1226. After these results on curved inductive action in air I extended the experiments to other gases, using first carbonic acid and then hydrogen: the phenomena were precisely those already described. In these experiments I found that if the gases were confined in vessels they required to be very large, for whether of glass or earthenware, the conducting power of such materials is so great that the induction of the excited shell-lac cylinder towards them is as much as if they were metal; and if the vessels be small, so great a portion of the inductive force is determined towards them that the lateral tension or mutual repulsion of the lines of force before spoken of, (1224.) by which their inflexion is caused, is so much relieved in other directions, that no inductive charge will be given to the carrier ball in the positions k, l, m, n, o, p (fig. 110.). A very good mode of making the experiment is to let large currents of the gases ascend or descend through the air, and carry on the experiments in these currents.

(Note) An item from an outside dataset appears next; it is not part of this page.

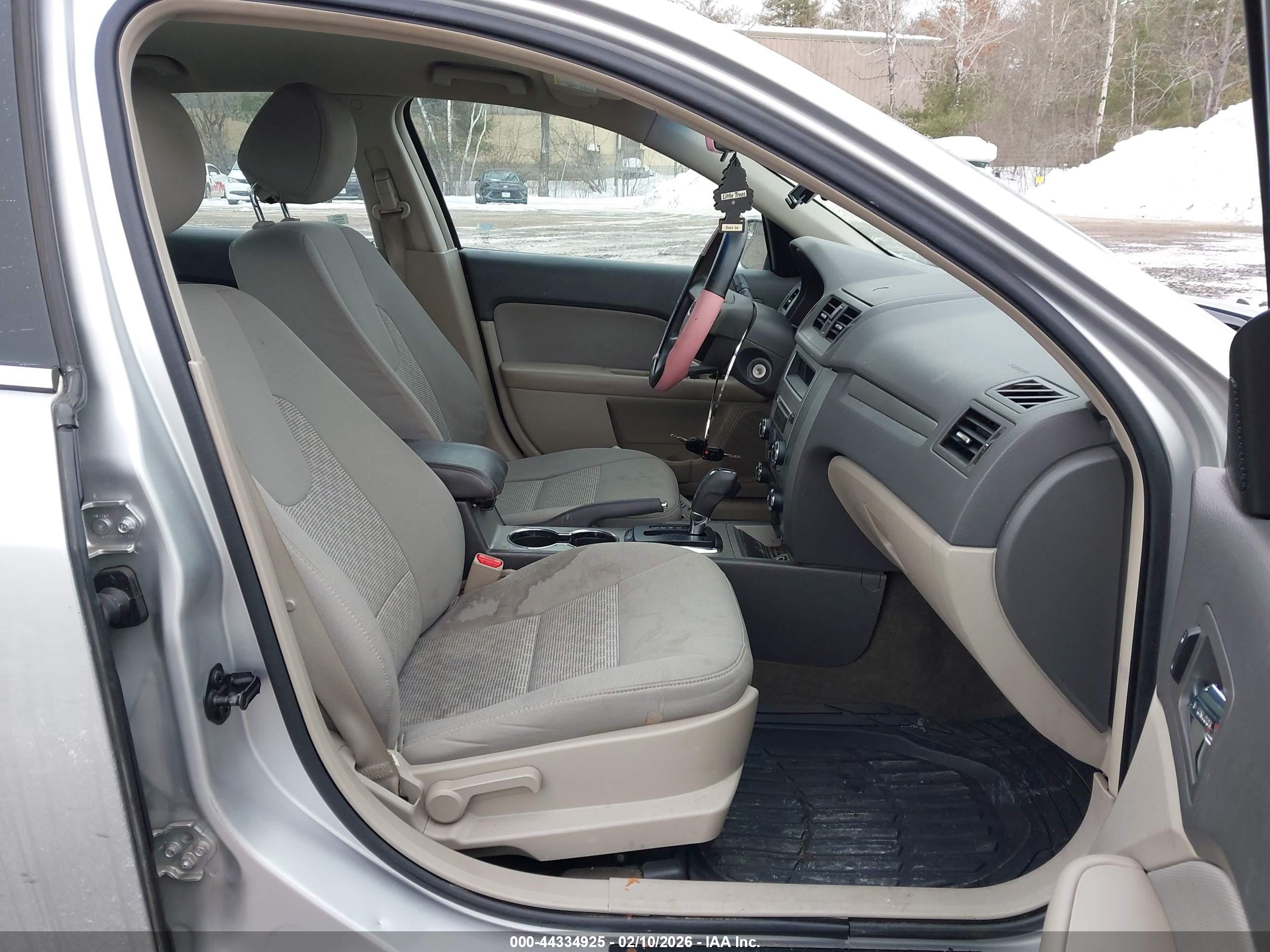 FORD FUSION image 5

1227. These experiments were then varied by the substitution of a liquid dielectric, namely, oil of turpentine, in place of air and gases. A dish of thin glass well-covered with a film of shell-lac (1272.), which was found by trial to insulate well, had some highly rectified oil of turpentine put into it to the depth of half an inch, and being then placed upon the top of the brass hemisphere (fig. 110.), observations were made with the carrier ball as before (1224.). The results were the same, and the circumstance of some of the positions being within the fluid and some without, made no sensible difference.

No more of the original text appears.